- **Exercise instructions**
Output nothing except the lines from the one containing "this 720×576 image." through the final line of the data, both included, typed exactly, minus the pictures.
*** Opening of Source information ***
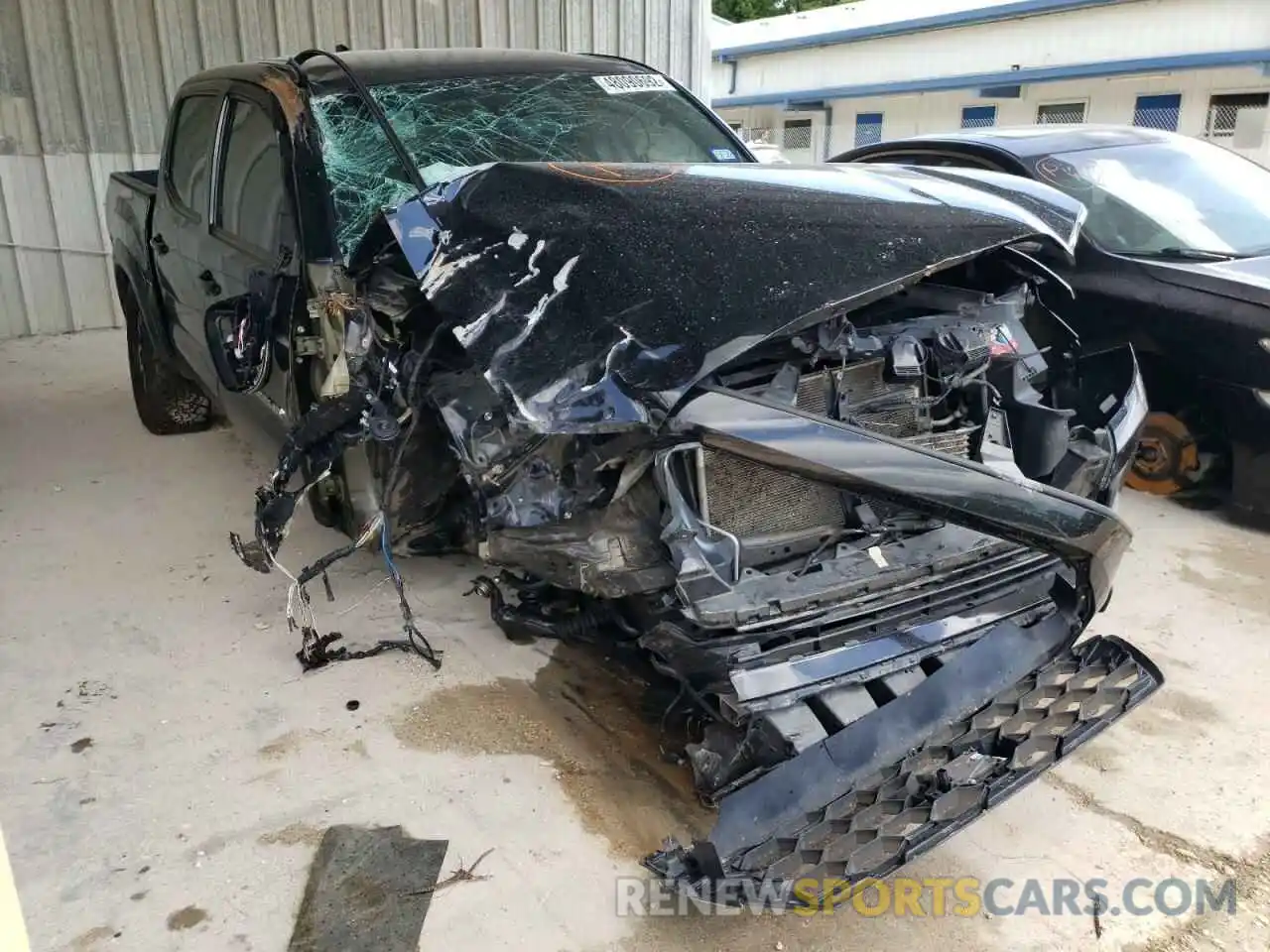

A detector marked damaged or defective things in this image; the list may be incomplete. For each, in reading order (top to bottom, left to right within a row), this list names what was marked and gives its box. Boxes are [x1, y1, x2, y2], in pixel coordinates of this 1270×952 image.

shattered windshield [311, 71, 741, 257]
crumpled hood [370, 162, 1086, 431]
wrecked black pickup truck [109, 50, 1163, 908]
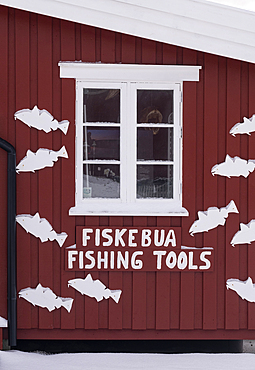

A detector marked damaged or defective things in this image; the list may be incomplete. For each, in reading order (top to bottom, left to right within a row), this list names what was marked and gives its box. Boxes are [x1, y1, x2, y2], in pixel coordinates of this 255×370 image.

peeling paint on wall [13, 105, 69, 134]
peeling paint on wall [16, 145, 68, 173]
peeling paint on wall [15, 212, 67, 247]
peeling paint on wall [188, 201, 238, 236]
peeling paint on wall [17, 284, 73, 312]
peeling paint on wall [67, 274, 121, 302]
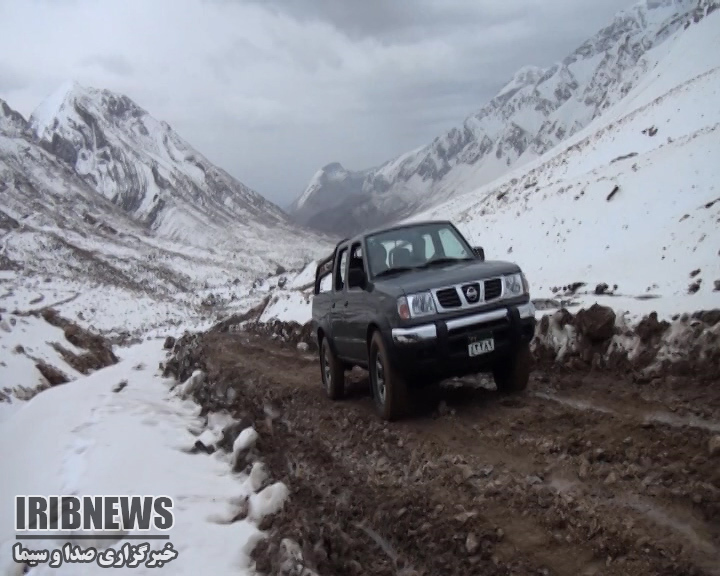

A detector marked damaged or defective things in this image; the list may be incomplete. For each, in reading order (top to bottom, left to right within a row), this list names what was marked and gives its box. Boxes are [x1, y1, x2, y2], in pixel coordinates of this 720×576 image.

damaged road [163, 326, 720, 572]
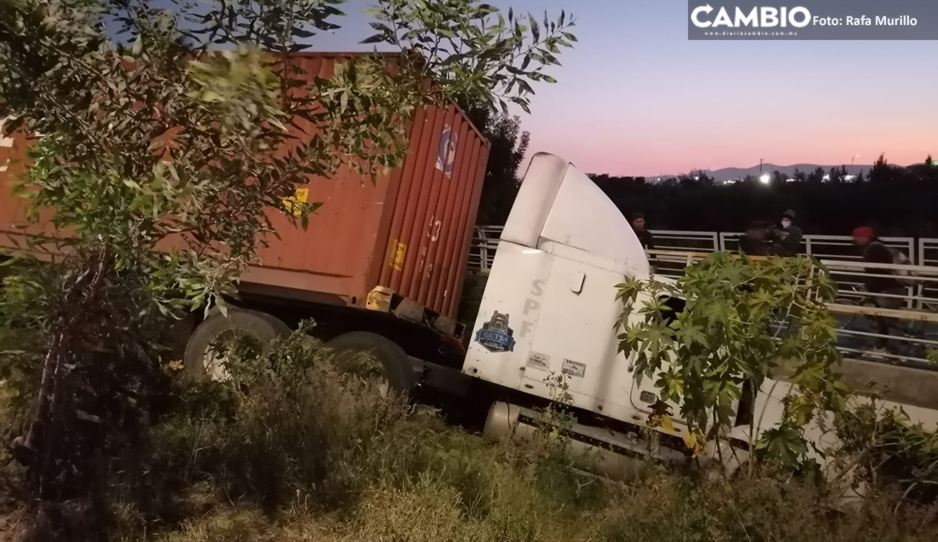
*** Close of Source information ***
- **Exercise result**
A detector marked damaged or defective things in this image; the list may be incomplete. For each, in reading order (top to bottom, left to right within a row), this list names what was marked and gives its box. Boxes are [x1, y1, x2, y2], in pixel coordinates of this 720×576 image.

damaged road [163, 326, 720, 572]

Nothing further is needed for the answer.